» What needs to be done: Starting at the line that contains "Hello friends, I" and stopping after the line that contains "Hello everyone, I'm", transcribe the listing below exactly; do not include any pictures.

» Stored data:
::::::::

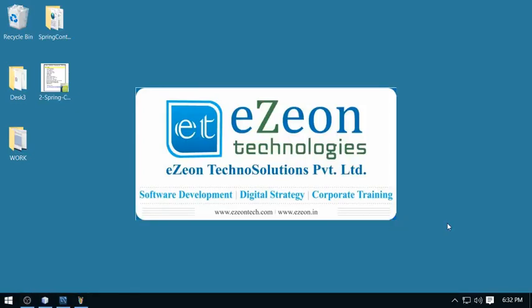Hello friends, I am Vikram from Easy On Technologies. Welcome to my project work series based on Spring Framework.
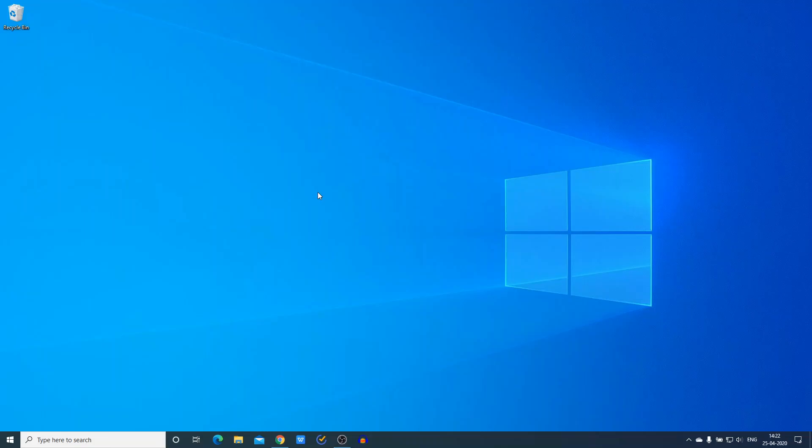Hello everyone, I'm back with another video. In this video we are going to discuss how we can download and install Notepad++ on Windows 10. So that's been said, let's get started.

::::::::

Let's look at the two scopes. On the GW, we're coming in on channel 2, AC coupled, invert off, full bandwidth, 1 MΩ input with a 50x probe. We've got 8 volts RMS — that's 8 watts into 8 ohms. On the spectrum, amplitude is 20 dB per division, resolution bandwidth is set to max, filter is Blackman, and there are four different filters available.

::::::::

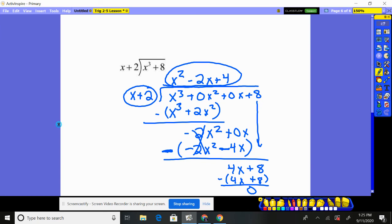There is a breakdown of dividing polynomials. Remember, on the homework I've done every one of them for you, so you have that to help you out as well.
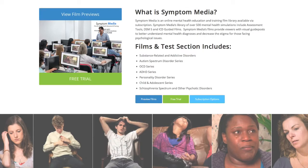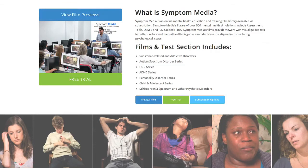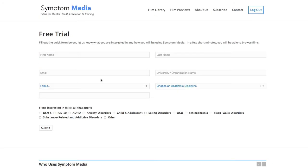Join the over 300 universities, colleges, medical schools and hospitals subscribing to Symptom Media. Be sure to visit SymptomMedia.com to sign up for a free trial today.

::::::::

» Written solution:
Hello friends, I am Vikram from Easy On Technologies. Welcome to my project work series based on Spring Framework.
Hello everyone, I'm back with another video. In this video we are going to discuss how we can download and install Notepad++ on Windows 10. So that's been said, let's get started.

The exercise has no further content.